%%
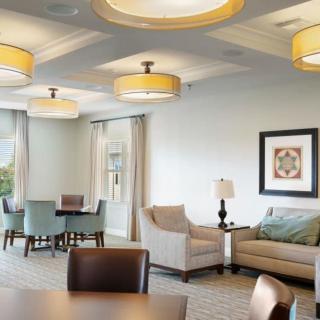 A modern living room with comfortable seating and stylish lighting.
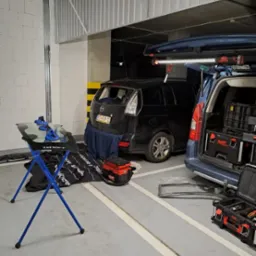 Tylna szyba samochodu Mazda 5 zdemontowana, przygotowana do wymiany w garażu podziemnym. Na stojaku leży nowa szyba z przyssawkami, obok skrzynki narzędziowe i samochód serwisowy.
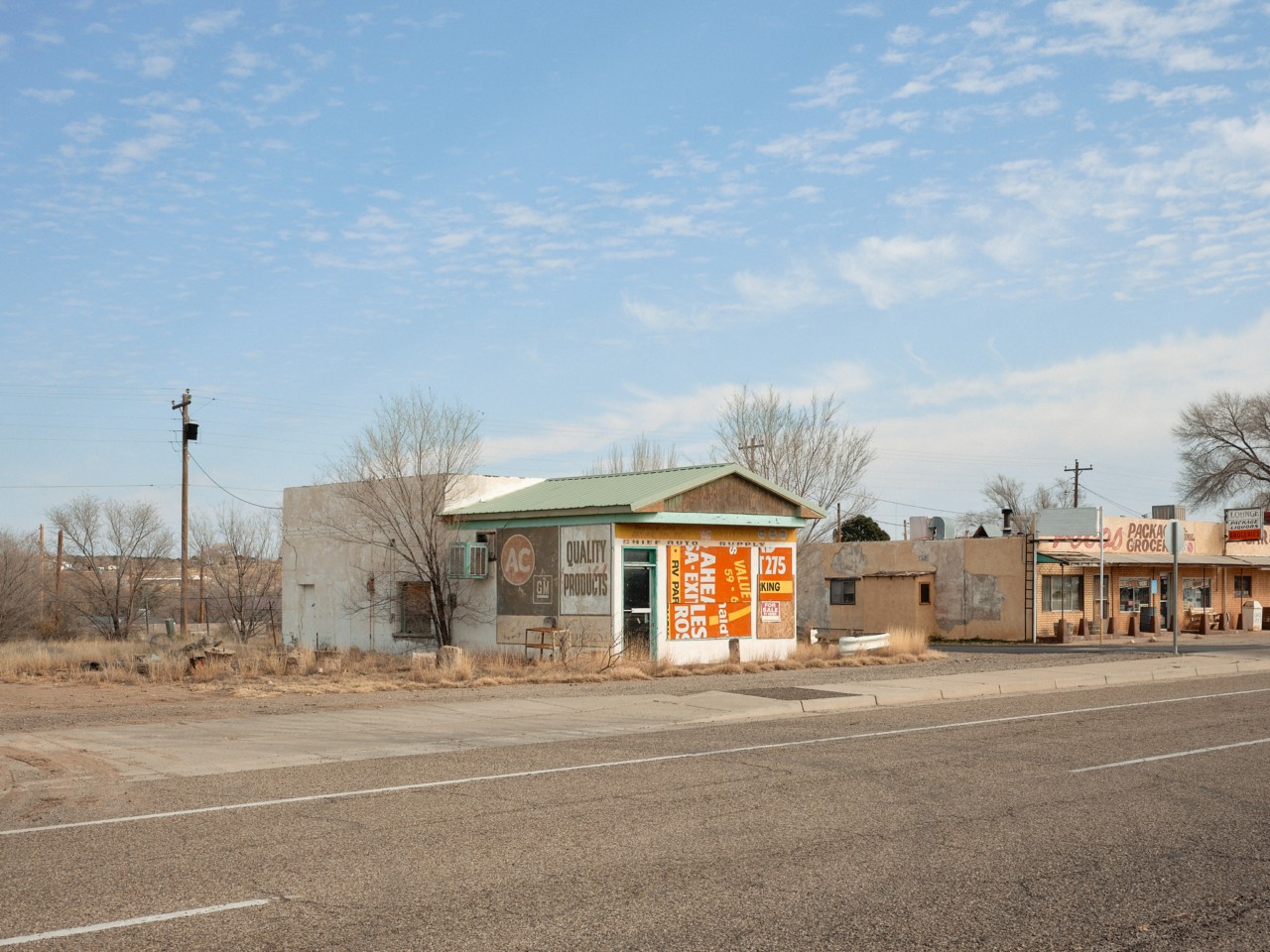 A barren building sits along a road in a ghost town along Route 66.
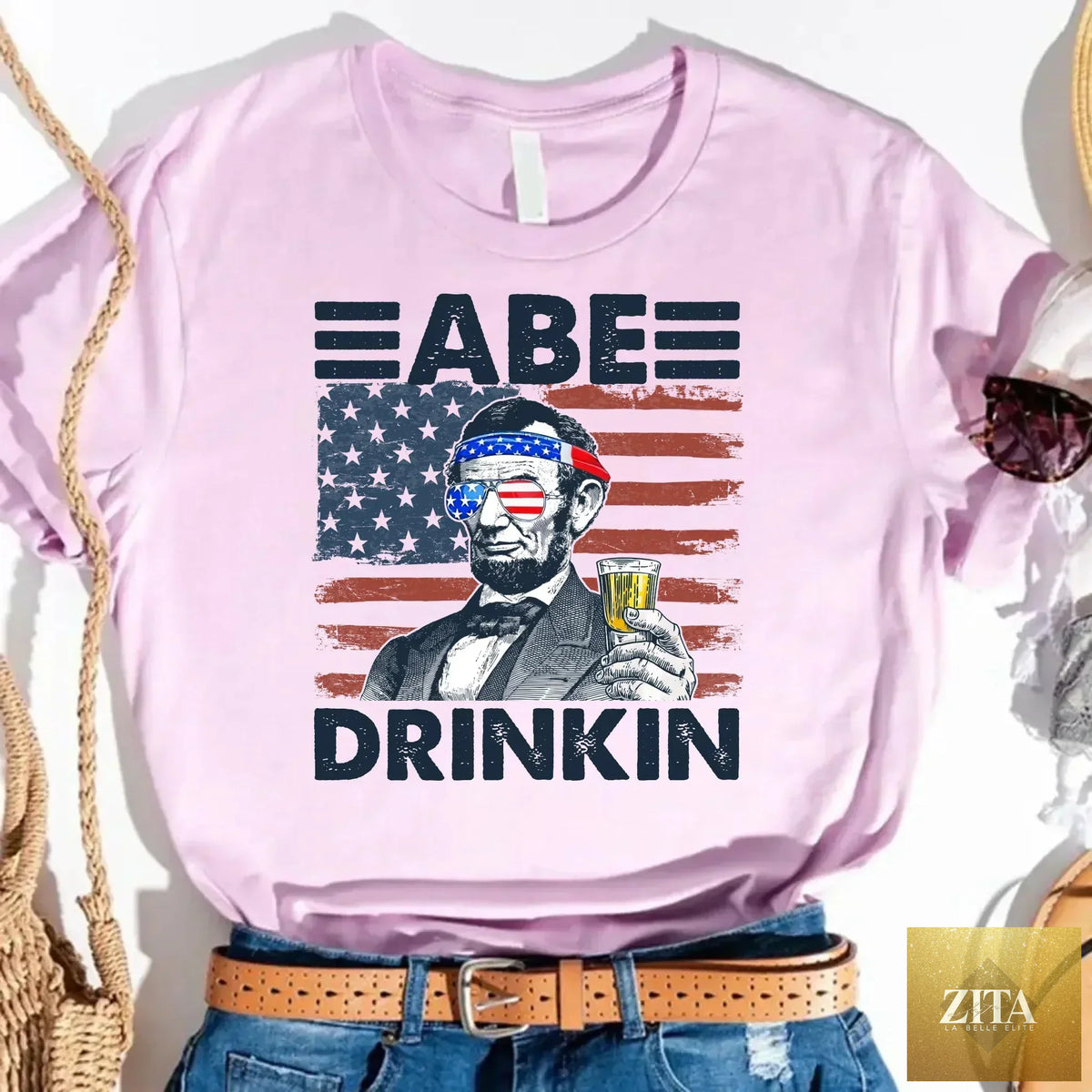A black Abraham Lincoln patriotic T-shirt with "Abe Drinkin" and 4th of July design, featuring Lincoln's portrait and American flags.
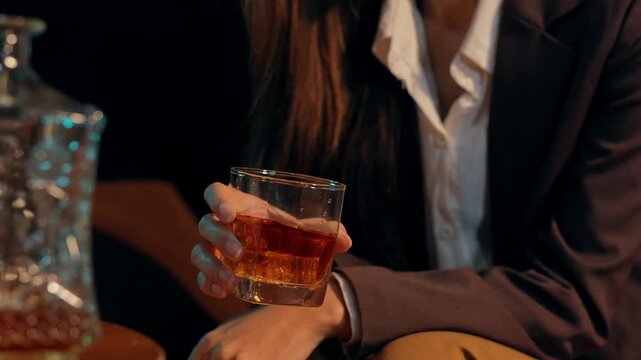  Closeup business woman holding a glass of whiskey
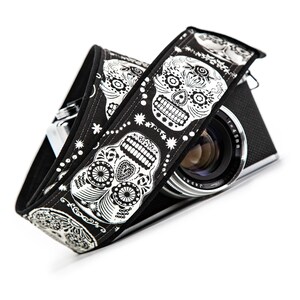 Black and white camera strap with a repeating pattern of sugar skulls. The skulls are intricately detailed with floral designs. The strap is made of a durable fabric and features a comfortable, adjustable design.  Perfect for photographers who appreciate unique and stylish accessories.
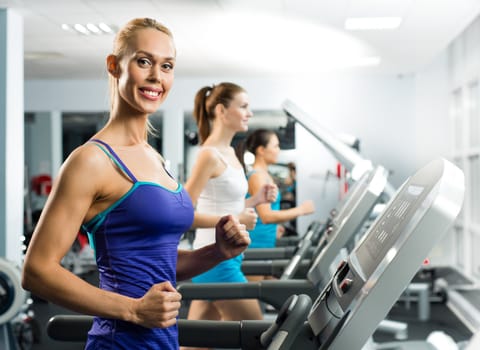 young women running on a treadmill, exercise at the fitness club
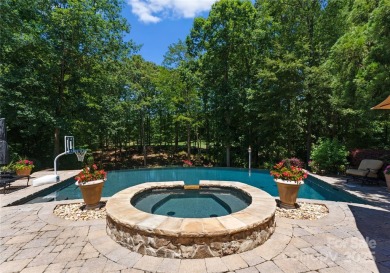 This custom estate embodies luxury, privacy and timeless on The Palisades Country Club in North Carolina - for sale on GolfHomes.com, golf home, golf lot
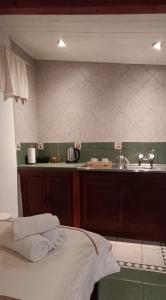 a bathroom with a sink and a bed with towels at Casa Kuhstall in La Cumbrecita +55 photos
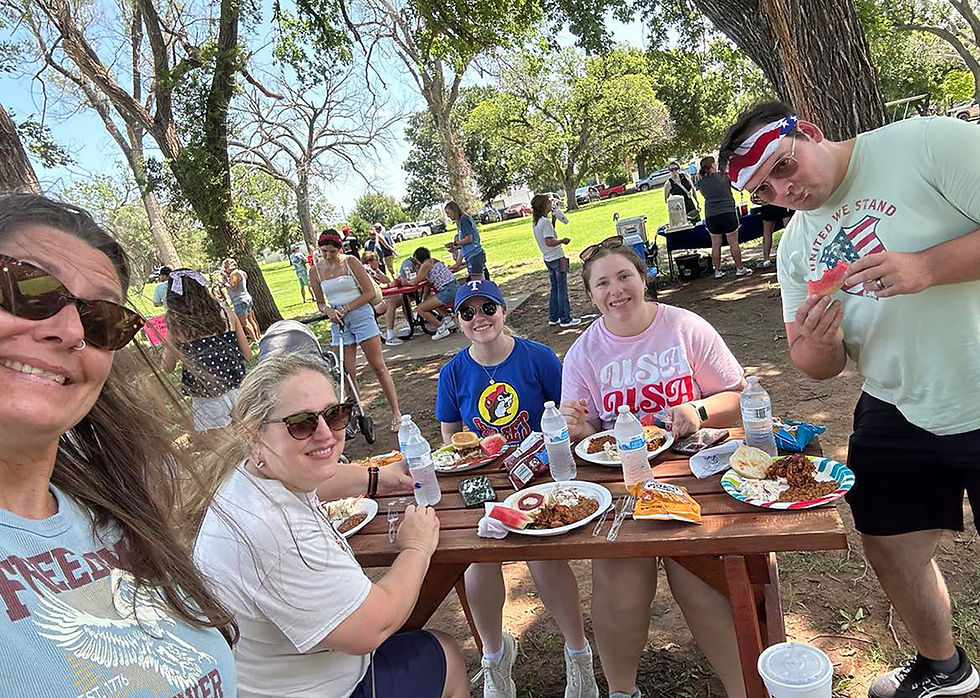 People attending the annual Fourth of July festivities at Cherokee City Park enjoy a barbecue pork lunch.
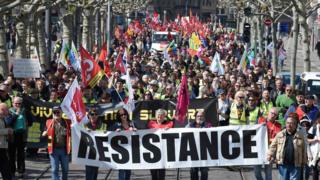Protesters hold a banner as they march during the annual May Day rally in Strasbourg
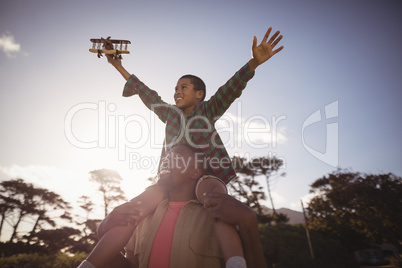 Father and son playing in the park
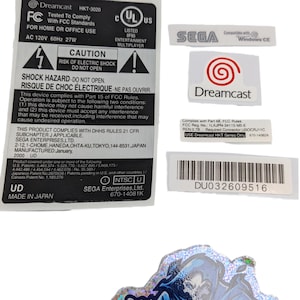 Può includere: Una collezione di etichette e adesivi, tra cui un'etichetta Dreamcast, un'etichetta Sega e un adesivo olografico Gamer Ghost. Le etichette contengono testo come "QC FAIL" e "Made in Japan."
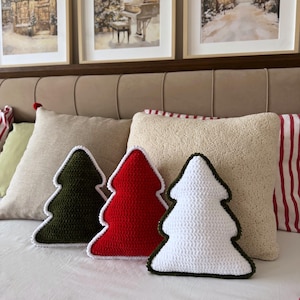 Könnte beinhalten: Drei dekorative Kissen in Form von Weihnachtsbäumen, jedes mit einer gehäkelten Textur. Ein Kissen ist dunkelgrün mit weißem Rand, eines ist hellrot mit weißem Rand und eines ist weiß mit einem dunkelgrünen Rand.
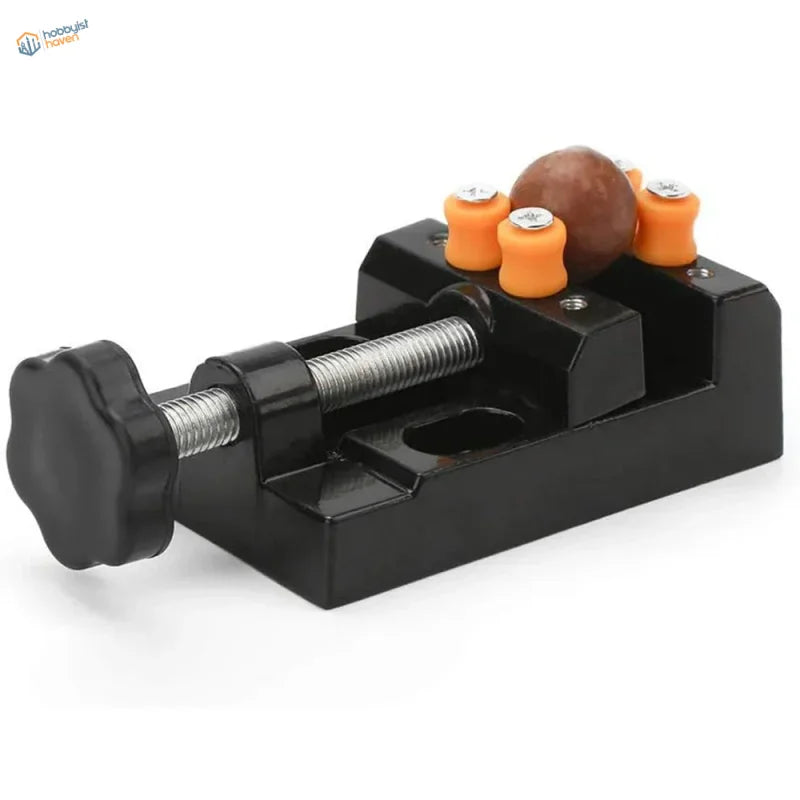 Mini table vise with black metal jaws and orange brown rubber handles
%%
> TASK OBJECTIVE
Every entry is to be reproduced word for word, and no image is carried over.

> ANSWER BOX
 A modern living room with comfortable seating and stylish lighting.
 Tylna szyba samochodu Mazda 5 zdemontowana, przygotowana do wymiany w garażu podziemnym. Na stojaku leży nowa szyba z przyssawkami, obok skrzynki narzędziowe i samochód serwisowy.
 A barren building sits along a road in a ghost town along Route 66.
A black Abraham Lincoln patriotic T-shirt with "Abe Drinkin" and 4th of July design, featuring Lincoln's portrait and American flags.
  Closeup business woman holding a glass of whiskey
 Black and white camera strap with a repeating pattern of sugar skulls. The skulls are intricately detailed with floral designs. The strap is made of a durable fabric and features a comfortable, adjustable design.  Perfect for photographers who appreciate unique and stylish accessories.
 young women running on a treadmill, exercise at the fitness club
 This custom estate embodies luxury, privacy and timeless on The Palisades Country Club in North Carolina - for sale on GolfHomes.com, golf home, golf lot
 a bathroom with a sink and a bed with towels at Casa Kuhstall in La Cumbrecita +55 photos
 People attending the annual Fourth of July festivities at Cherokee City Park enjoy a barbecue pork lunch.
Protesters hold a banner as they march during the annual May Day rally in Strasbourg
 Father and son playing in the park
 Può includere: Una collezione di etichette e adesivi, tra cui un'etichetta Dreamcast, un'etichetta Sega e un adesivo olografico Gamer Ghost. Le etichette contengono testo come "QC FAIL" e "Made in Japan."
 Könnte beinhalten: Drei dekorative Kissen in Form von Weihnachtsbäumen, jedes mit einer gehäkelten Textur. Ein Kissen ist dunkelgrün mit weißem Rand, eines ist hellrot mit weißem Rand und eines ist weiß mit einem dunkelgrünen Rand.
 Mini table vise with black metal jaws and orange brown rubber handles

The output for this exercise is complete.